Series of laptop computers

The ThinkPad Z series was initially a very short-lived series of laptop computers focused on multimedia features and capabilities that came about after the Lenovo acquisition in 2005. It introduced a few features to the ThinkPad brand, including 16:10 displays, and webcams (only Z61m and Z61t). The series was introduced in 2005 with the Z60m and Z60t (which were equivalent to the R52), which are 15.4" and 14.1" respectively. Z series would however eventually get merged with T60 and result in a new widescreen model (15.4" only, however) being announced in November 2006, effectively invalidating its existence at the time.

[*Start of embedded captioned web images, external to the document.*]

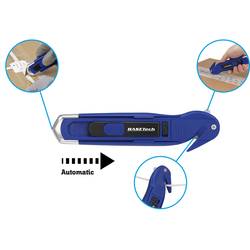 2-in-1 bezpečnostní nůž fólie řezačka / karton Basetech BT-2206462 1 ks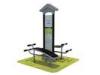 Commercial Adults Outdoor Park Gym Equipment For Amusement Parks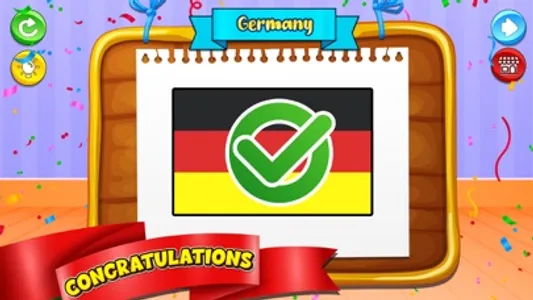 ASMR Flag Painting DIY Games screenshot 1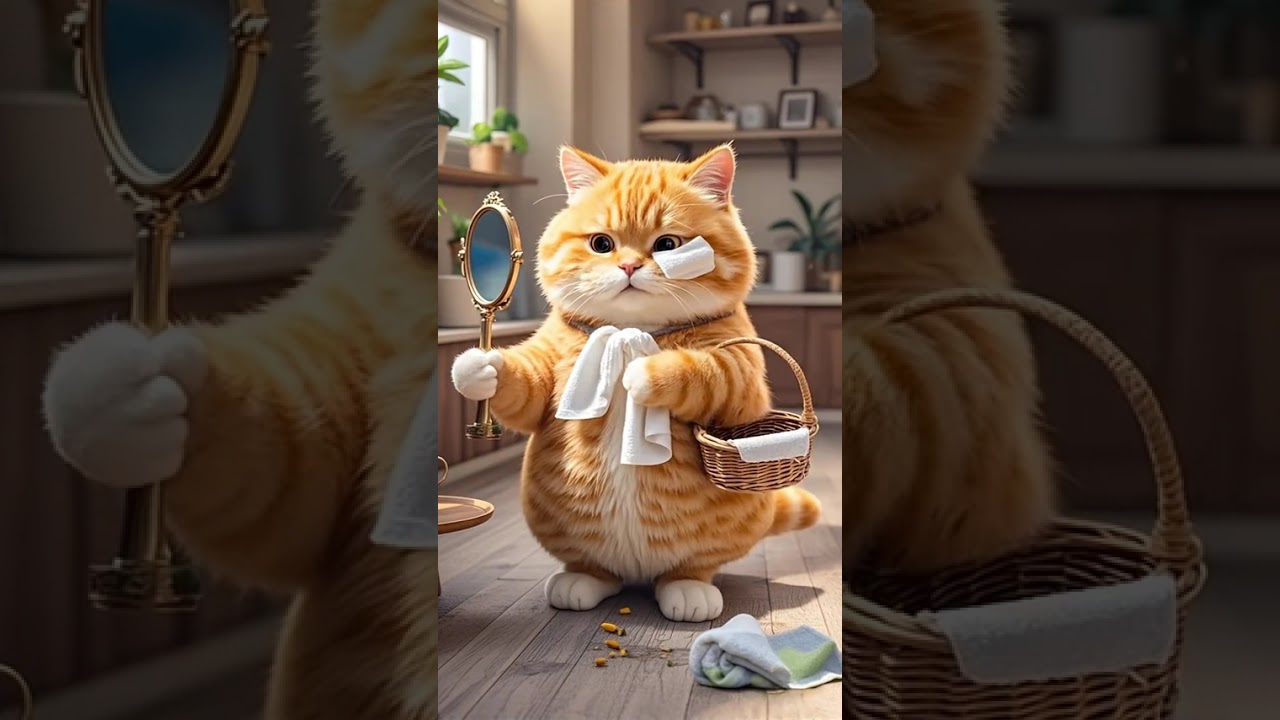 This Entrepreneur Cat Has More Skills Than I Do! 🐱💼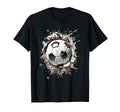 Amazing 3D Soccer T-Shirt - Unique Graphic Unisex - T-Shirt, Sweatshirt, Hoodie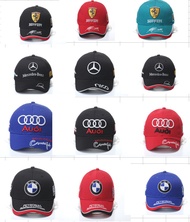 ((ready. stock) f1 Car Cap Racing Cap Mercedes-Benz Cap Baseball Cap 4S Store Auto Parts Cap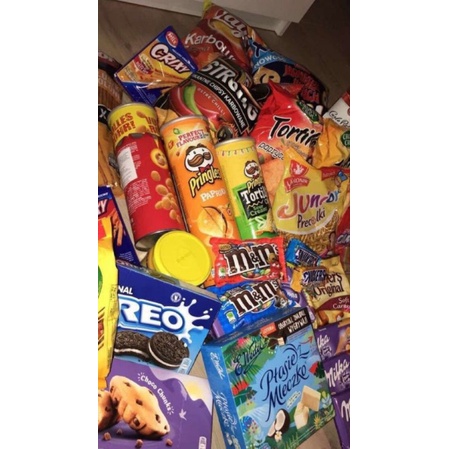 

makanan ringan, keripik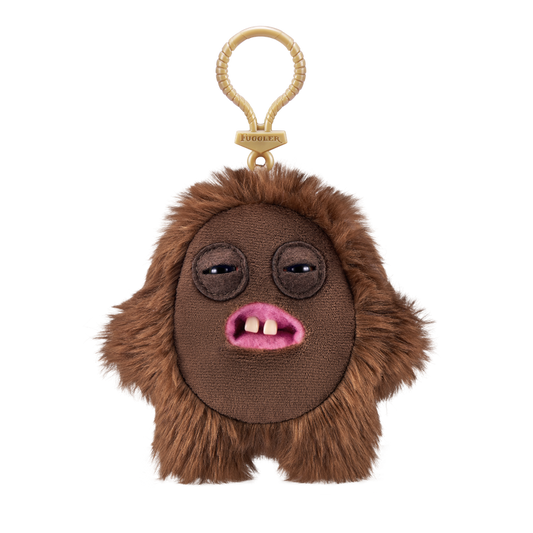 FUGGLER KEY RING S5-HEDGE GROG(BROWN)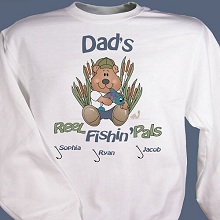 Reel Pals Personalized Fishing Sweatshirts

In 2022, Lenovo released new variants in the Z series in the form of the Z13 and Z16. The brand was marketed as a true slim and light premium device that showcased AMD's Ryzen 6000 series mobile processors, in line with the X1 Carbon. It was meant to compete against a similar offering in the form of Apple's MacBook Air and the Dell XPS 13. Due to the last generation being released at the tail end of 2023, some question whether the line has become abandoned once more.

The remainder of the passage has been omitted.